成遠收斂住,聽說這王海前兩年攀上了京城的高枝,就算是他成家,也不能隨便得罪。
“敢問大人,昨日可是這人說我相公入室偷盜?”
“是。”
王海腦回路轉了一圈,思量這怕是成遠下的一個圈套,金薇薇的相公他見過,臟兮兮的,一點兒也不好看。
“是我,怎么了?”
成遠點頭,那碩大的腦袋像極了豬頭,囂張極了。
“敢問成公子可有確鑿的證據證明我相公偷了你的東西?”
“本公子懷疑他偷了本公子的東西,難道這個還不足以嗎?我可是原告!”
成遠覺得有些好笑,在這臨水縣與他成遠講道理是行不通的。
“那就請成遠公子拿出確鑿的證據,若是誣告,我即便是告到府城,告到州,告到京城!我也要為我的相公伸張冤屈!”
她賭,賭王海不想把事情鬧大,剛才一看,王海是不怕成家的,那她金薇薇還有什么顧及?只需要抓住這一點就足夠了!
果然,她的話一落,王海的驚堂木就落下來了。
“吵吵什么!這是公堂!不是你們家門口的菜市場!”
這金家的小娘子一瞧便是那種不得個道理便不放手的人,這類較真的人最可怕,他還有一年就離開這里到府城去了,犯不著在這個時候出事。
可是,金薇薇開頭是告他的,若是他松口反悔,破壞的還不是自己的名聲?
“大人,這明顯是成遠誣告,定是那成遠家大勢大,逼迫大人如此,還替大人為民女做主,大人放心,整個臨水縣的百姓都是大人的支柱,我們絕不會容許有人壞了大人的名聲,還請大人做主!”
金薇薇連說兩次做主,一次為自己,一次為民,這王海此時最需要的便是民心,那她就送給他!
“是啊,大人,不要怕,俺們雖然都是平頭老百姓,可卻是大人背后的支撐啊,若是大人被人陷害了,那就萬民請命,救大人出來。
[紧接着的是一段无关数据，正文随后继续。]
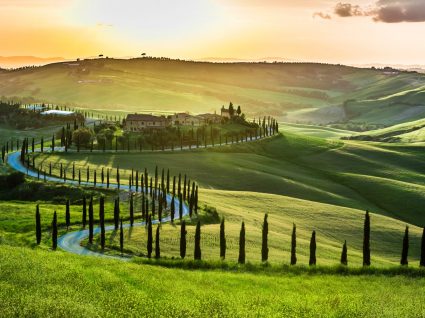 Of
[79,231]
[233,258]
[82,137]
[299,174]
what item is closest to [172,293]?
[233,258]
”
人群中的陶小慶突然出聲,情緒激昂,帶動了幾個人,漸漸的,圍著縣衙的百姓都開始喊。
“請大人為民做主!”
陶小慶邊喊邊冒汗,方才的事情真是驚的他一身冷汗,那話是金薇薇早上來之前教他的,他還怕不管用呢。
好在王海的名聲不錯,百姓也比較愛戴,呼聲越來越高。
王海一愣,腦子有些轉不過來,方才還是金薇薇告他,這下卻變成告成遠了,這局勢扭轉的太快了!
突然發現人群中一抹眼熟的人影,王海眼眸微瞇,而后看金薇薇的眼神便多了絲探究,如此聰慧的人,可惜生為女兒身啊。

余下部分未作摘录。